ライブに行けば当のミュージシャンと喋るし、K-POPのPVを見ればアイドルが出てくる。幻想的・創造的な夢はほとんど見ない。実際的というか、とてもリアル(ミュージシャンやアイドルと喋るのが実際的なわけないんだけど)。
脳の構造が、よっぽど単純にできているのだと思う。

先日は、10年前に好きだったK-POPのアイドル(モモ君・仮名)が夢にあらわれた。

アイドルとの邂逅の舞台は実家であるケースが多い。夢だから、もちろん疑問にも思わない。

実家の脱衣所で、グループのうち4・5人ほどが足を投げだしぺちゃくちゃしゃべっている。脱衣所は収容人数にあわせて、10倍ほどの広さに拡張されていた。

わたしは洗面台に腰かけており、隣にはモモ君が座っていた。

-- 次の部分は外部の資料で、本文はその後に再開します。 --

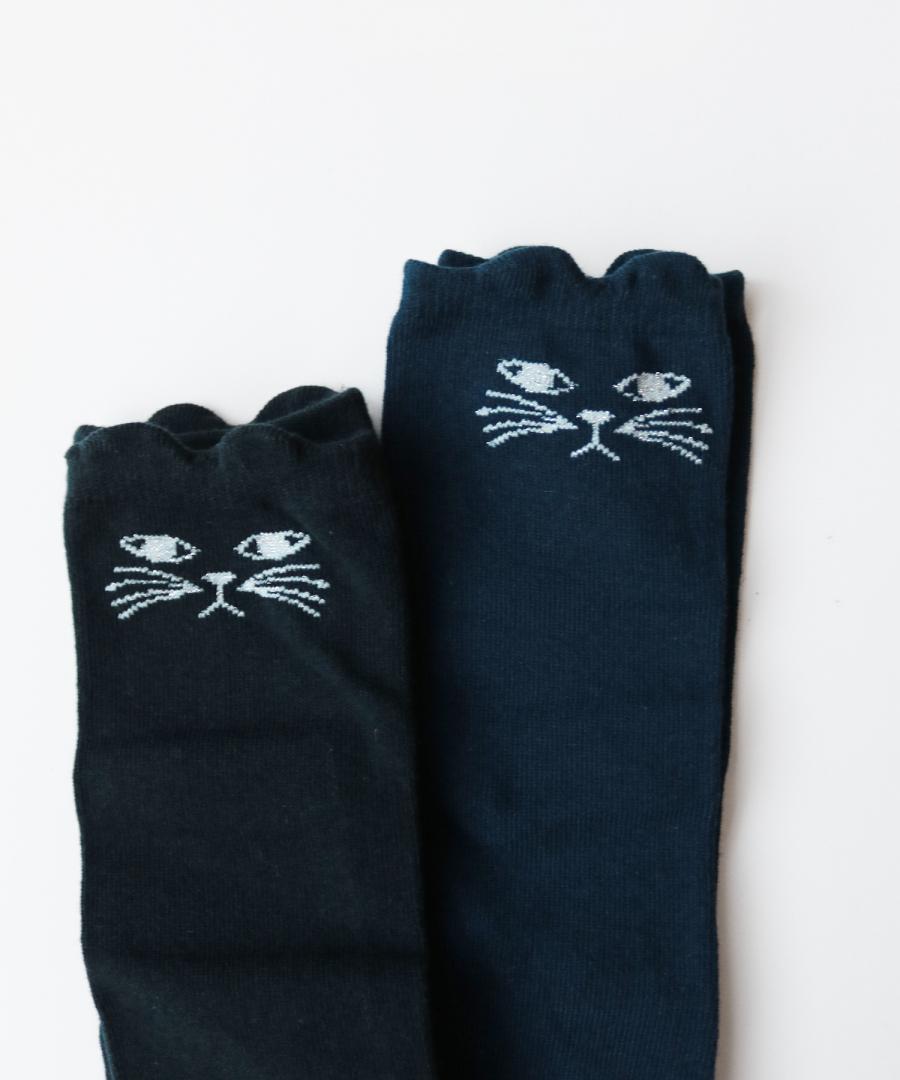 Stample Cat&Tail Knee High Socks Black&Navy/Stample过膝儿童长筒猫咪&尾巴长袜 黑色&深蓝色 2双装 16-18cm 4-6yrs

洗面所に腰かけたことは生涯で一度もないし足も届かないのだけど、夢だから気にならない。

ご一行は、次のライブ会場へ行くまでのつなぎとして、わが家の脱衣所でしばしの休憩をとっているらしかった。
わたしはおしゃべりに加わらず、またモモ君に話しかけもせず、にこにこしたまま存在感を消していた。なぜなら、わたしがこの場にいることが知られてしまったら、この会はお開きになると察知していたから。

存在感を消したまま、わたしはこっそりと幸福をかみしめていた。仲間にくわわれずとも、モモ君のそばにいられること、この場の空気として存在していられることが幸福だった。

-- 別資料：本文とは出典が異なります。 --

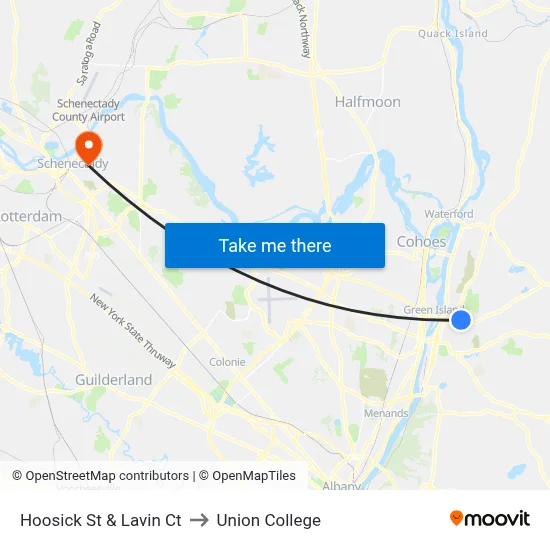 Hoosick St & Lavin Ct to Union College map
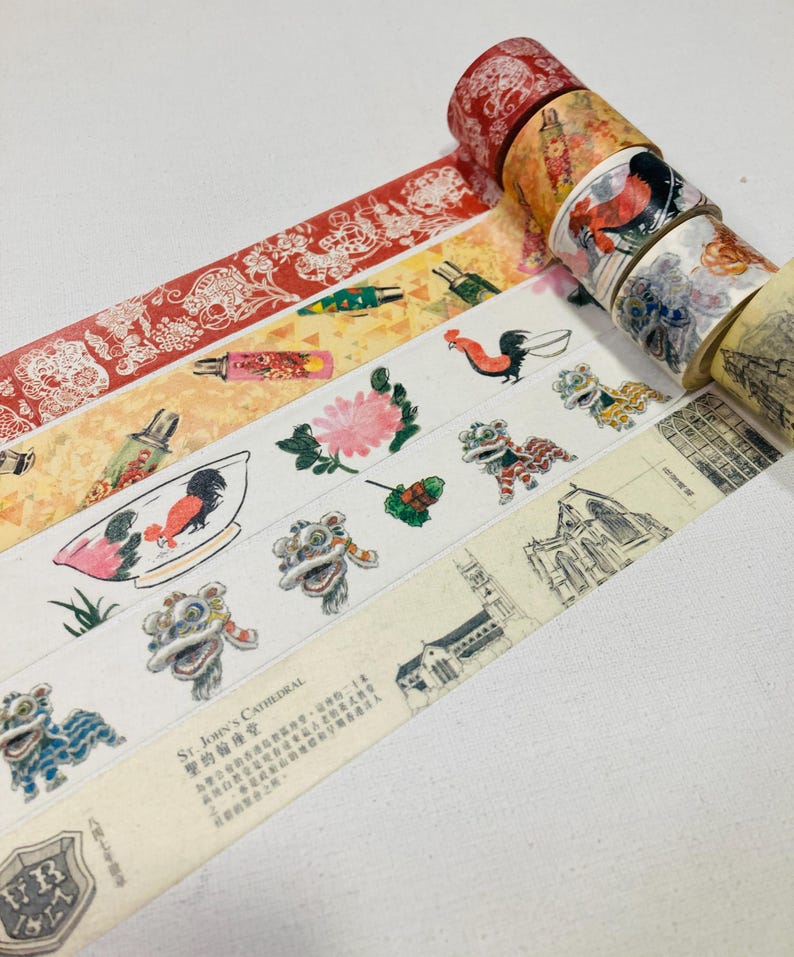 Hong Kong Traditional Festival Washi tape Lion dance moon festival Chinese New year, dim sum rooster old water bottle St John image 2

しばらくして、一人またひとりと腰を上げはじめる。次の会場へ発つ時間がきたのだ。わたしはモモ君に、どうしても言わなくちゃいけないことがある気がして、「モモ君」と話しかけた。顔を振りむかせて、何も言わずにモモ君はわたしを見た。

い。
喉がつまって、その先を言えない。わたし自身、何を言いたいのかわからない。ただ勝手に、喉から声が出る。
「い、い」とくり返すわたしを、モモ君の小さな目がじっと見ていた。

い、生きとってくれて、ありがとう。
そう言ったあとで、これこそがわたしの言いたかったことだと理解した。きみの言いたいことはわかってる、というふうにモモ君は目をほそめて、小さくうなずいた。

目が覚めて、首をひねった。
どうして今ごろモモ君の夢を見たのか、どうしてあんなことを言ったのか、ぜんぜんわからなかった。

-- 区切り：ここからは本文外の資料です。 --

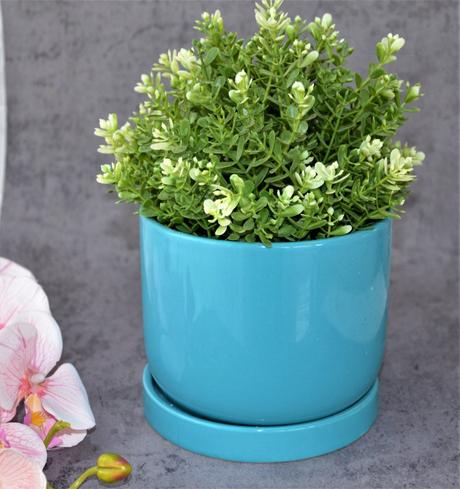 Tyrkysový kvetináč s miskou,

布団から抜けだし、便器に座って考えているうち、はっと思いだした。
前日、あるK-POPアイドルのニュースを知ったこと。アイドルその人の名前も、グループ名も知らなかったのに、強い衝撃を受けて泣いたこと。

死なないでほしい。ニュースの衝撃で、それ以外の気持ちがなくなった。わたしの好きなアイドルの、いままで傷ついたことなんて一度もありませんみたいな顔を貼りつけて生きる方を選択しつづけてくれた事実が、実際は相当にあやうい奇跡だったと、はじめて気づいた。

いや、はじめてじゃない。なんだか、ふっと消えちゃいそうだった。どんなに辛くても絶対に表に出したくないとか、自分よりも他人を幸せにする人でありたいとか、そんなことをいつだってくり返すから。

死なないでほしい。もう誰も幸せになんかしなくていい。アイドルに疲れたら、銀行に預けっぱなしのお金を全額引きだして南米に飛んで海の近くでスポーツバー開いて見る影もないくらいぶくぶく太ってもじゃもじゃになってじゃんじゃん恋をしていっぱい子どもつくって50人くらいの孫に囲まれて未来永劫幸せに暮らしてほしい。

トイレの壁に貼った世界地図の南米あたりを見ながら、そんな夢を見る。10年前、ライブ中にぼおおっとするモモ君にがっかりした(ファンは「かわいいから、いい」との由)ものだけれど、ようやく折り合いをつけられた。どうでもいい、そんなこと。
生きていてくれるなら、何がどうだってかまわない。こっちが勝手に夢を見て、幸せになるから。